Auditory Brainstem Implants (ABI):
If the cochlea is severely damaged or absent, or the auditory nerve has been damaged, a standard cochlear implant will not work, as it relies on stimulation of bipolar neurones in the modiolus of the cochlea and a functioning auditory nerve to carry the impulses. In this situation, a brainstem implant may be an option.
The cochlear nuclei in the brainstem have a degree of tonotopical arrangement, and a flat electrode placed in the lateral recess of the fourth ventricle adjacent to the cochlear nuclei or on the surface of the cochlear nuclei can stimulate these, producing a percept of hearing. The receiver/stimulator package and external processor are similar to a conventional cochlear implant.
Patients with Neurofibromatosis type 2 who may eventually end up with total bilateral hearing loss from their tumours or surgery, patients with auditory nerve aplasia, and patients with severe ossification of the cochleas may be candidates for a brainstem implant.
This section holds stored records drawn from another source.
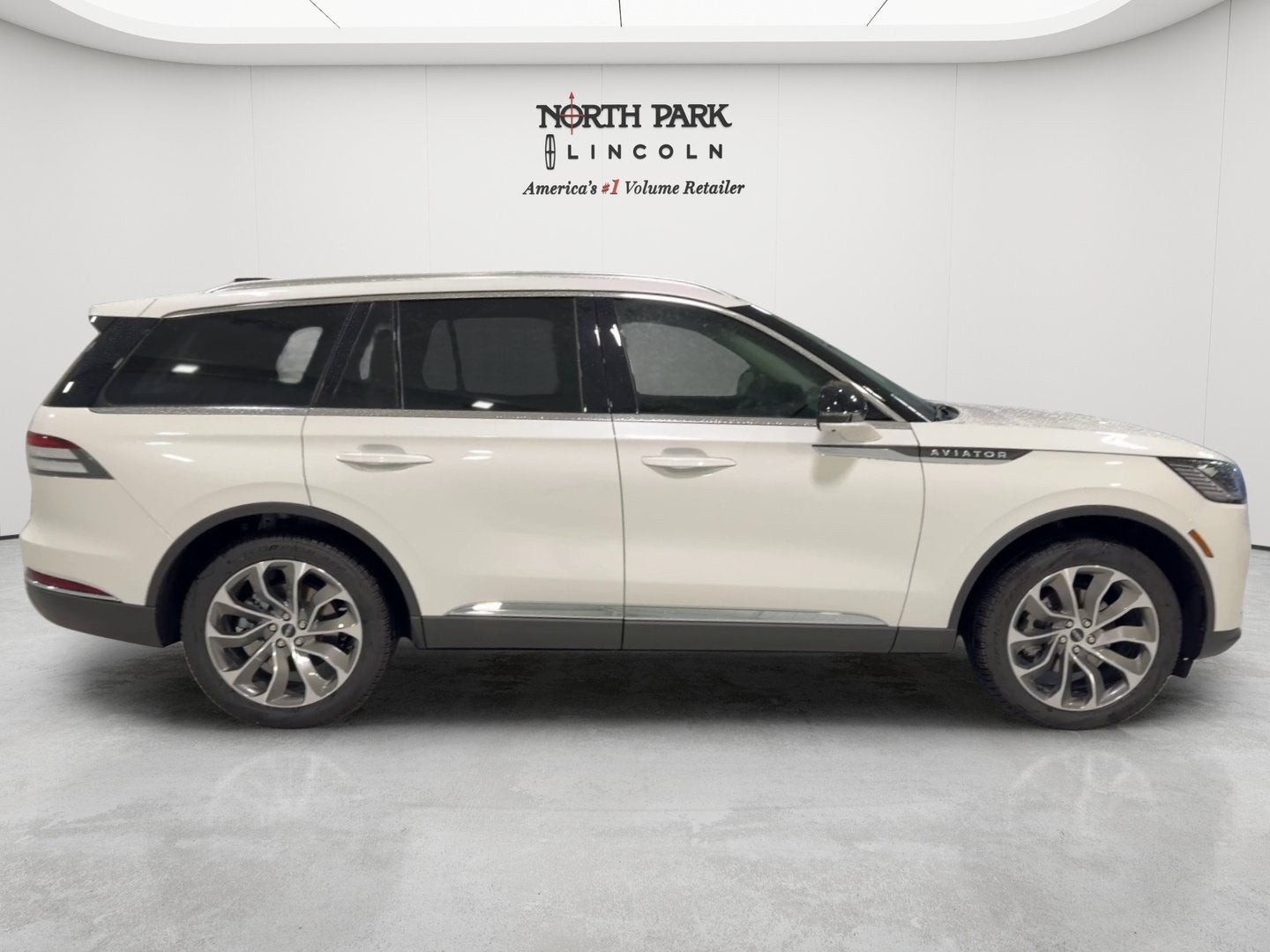 2026 Lincoln Aviator Premiere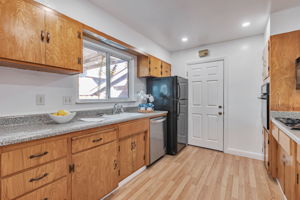 014_987 Selby Ln  San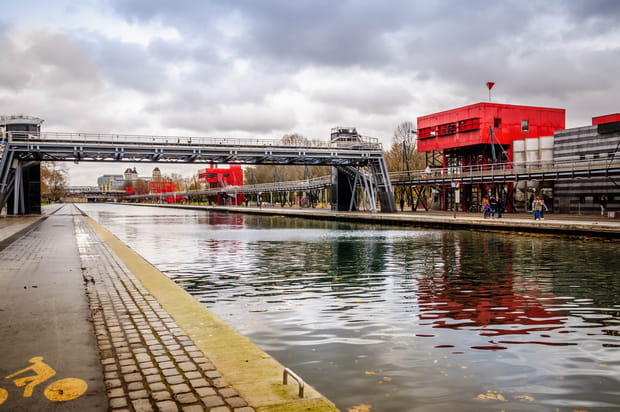 Faire le plein de cours métrages sur une péniche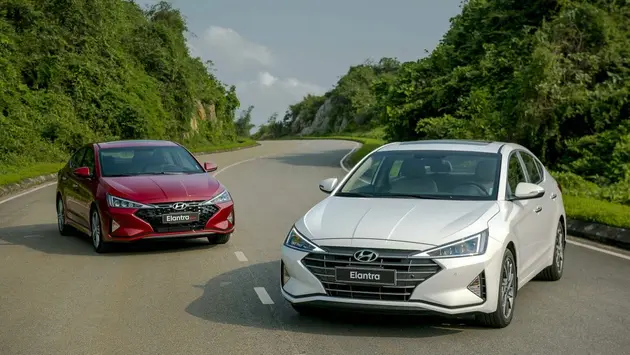 Hyundai Elantra được ưu đãi gần 100 triệu đồng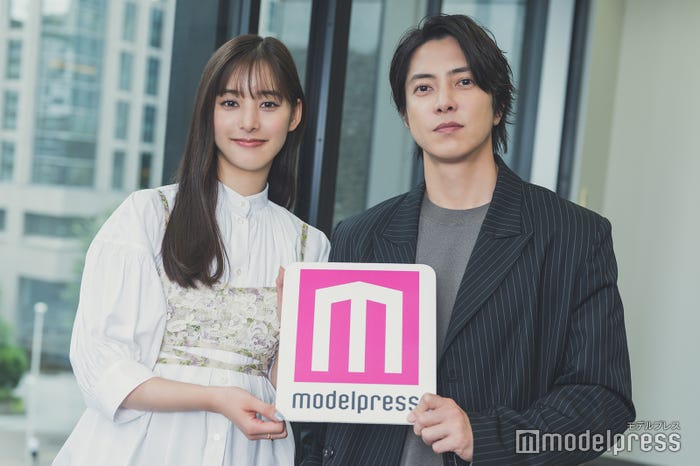 新木優子、山下智久(C)モデルプレス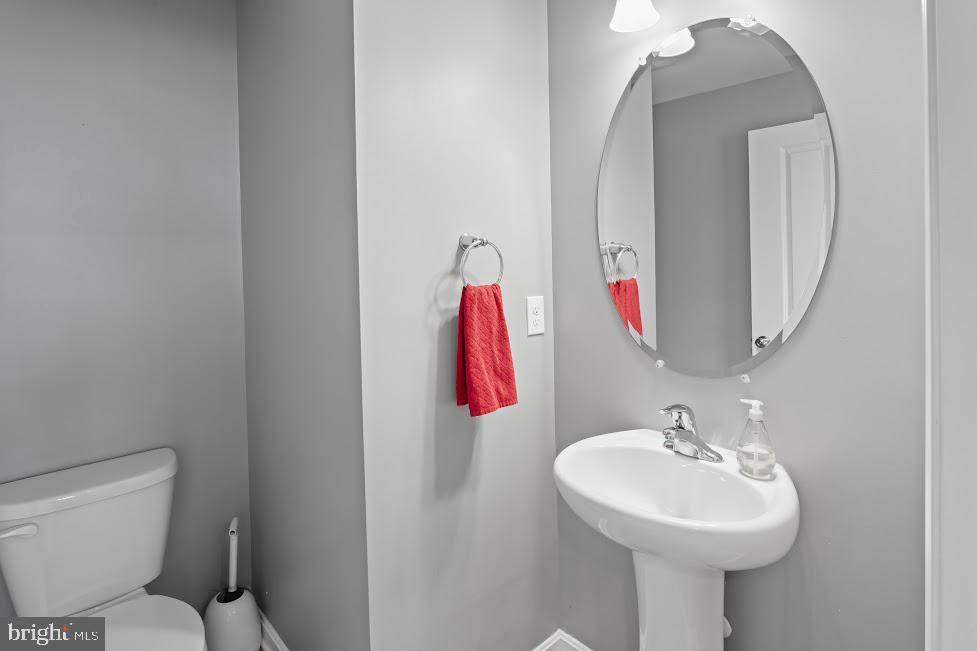 705 Beechwood Drive Deptford, NJ 08096 - Photo 19 of 39 a bathroom with a sink mirror and toilet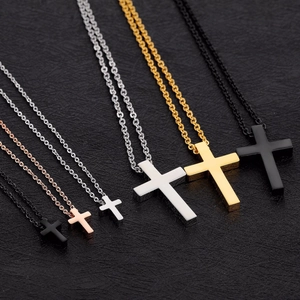 Pendentifs croix en acier inoxydable poli en or, argent, noir et or rose brillant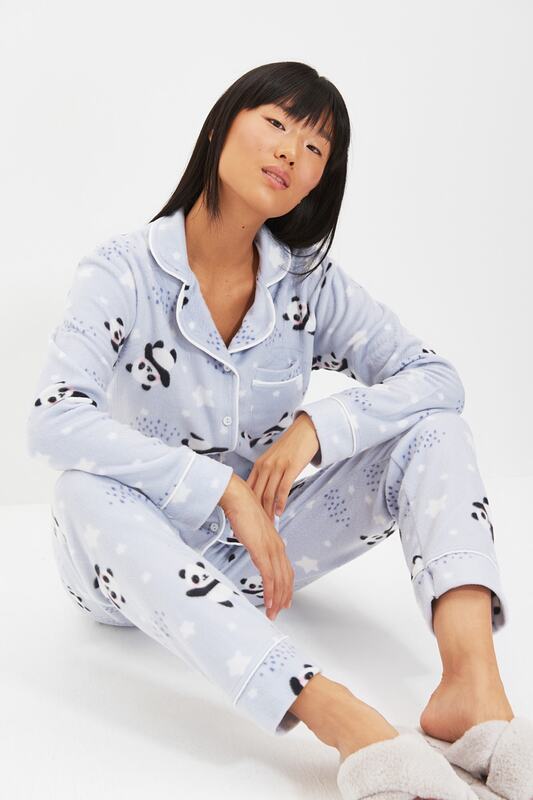 Set pigiama lavorato a maglia fantasia Panda Trendyol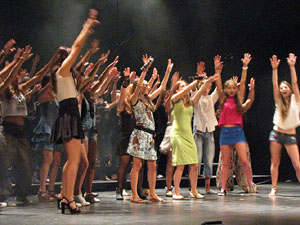 FITAG Fira Internacional de Teatre Amateur de Girona. Espectacle inaugural amb Cr&agrave;dula Teatre, de Cass&agrave; de la Selva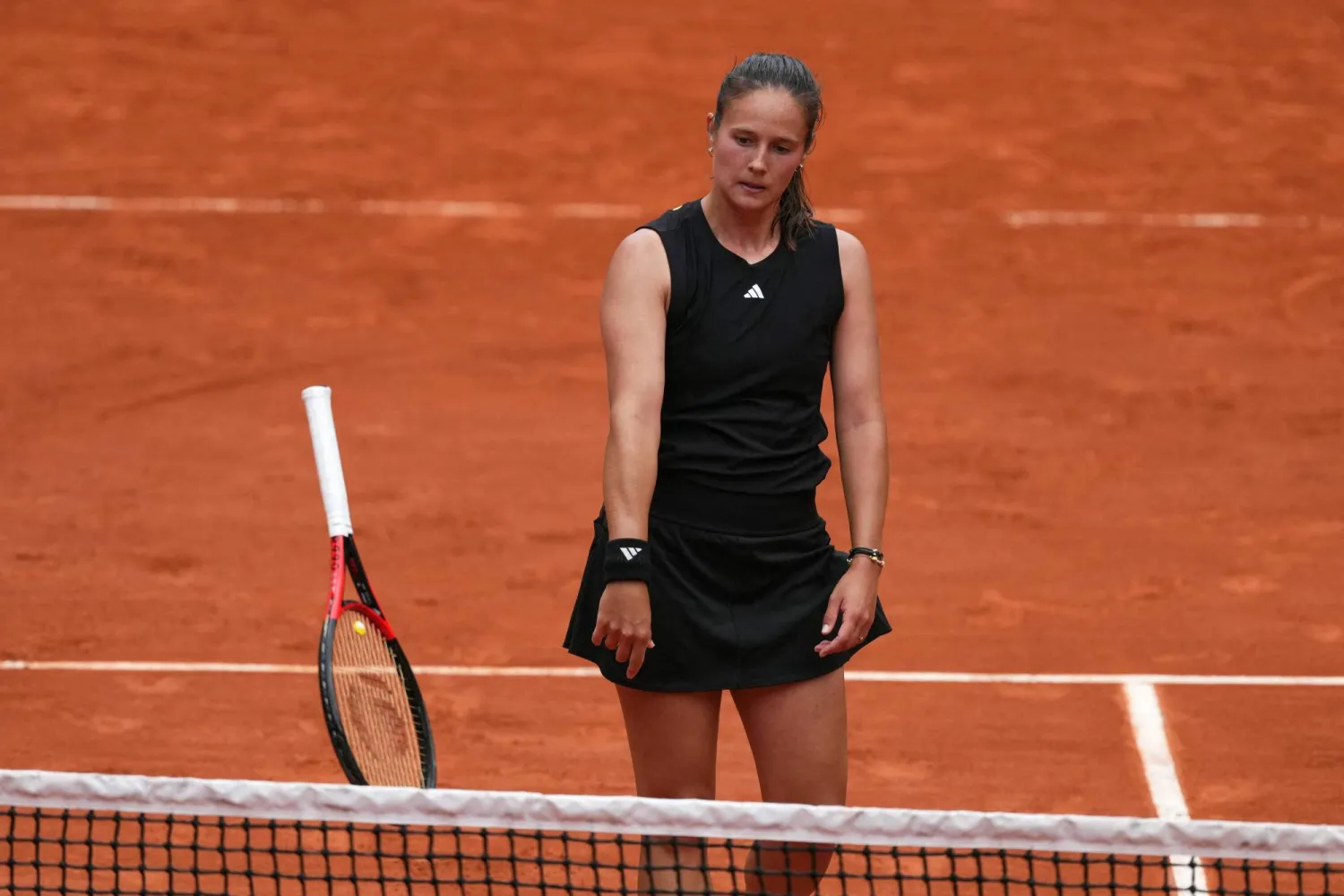 داريا كاساتكينا تعبر عن غضبها بعد هزيمتها في باريس (أ.ف.ب)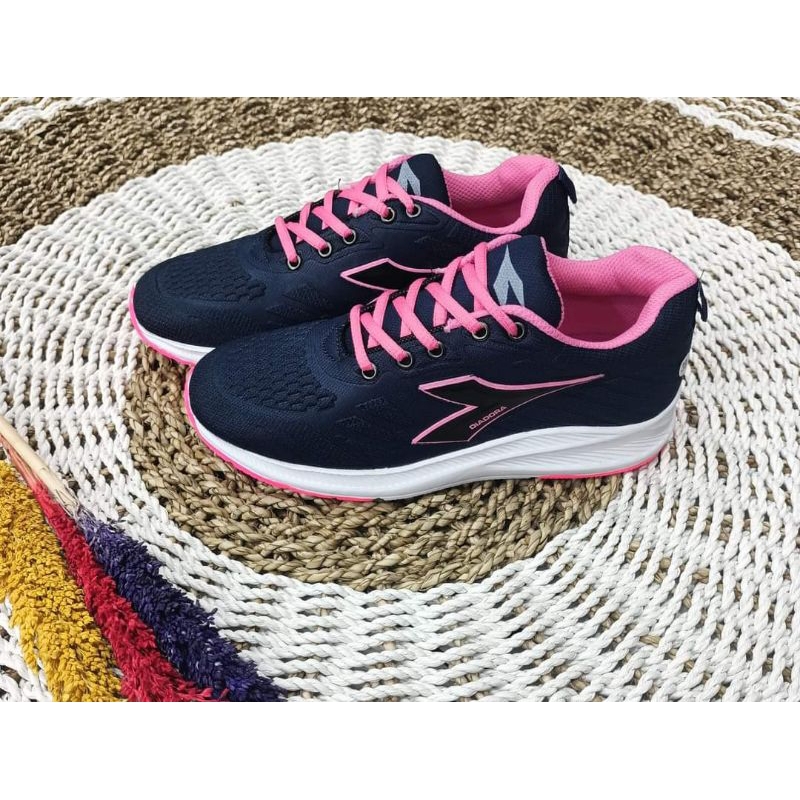 SEPATU OLAHRAGA SPORT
The hearing with brainstem implants is not as good as with cochlear implants, and open set speech discrimination is uncommon. Recent reports suggest some patients can get good results, but for most patients ABIs provide awareness of sound and aid lipreading. However, for these patients there is no alternative.
ABI devices are available from Cochlear, (with 21 active channels)
and from MedEl (with 12 active channels).
The cochlear nuclei contain a number of tonotopic maps at different depths and angles from the surface, and penetrating electrodes are being developed to try and make use of these different maps.
There is no obvious difference in outcomes between different ABI devices.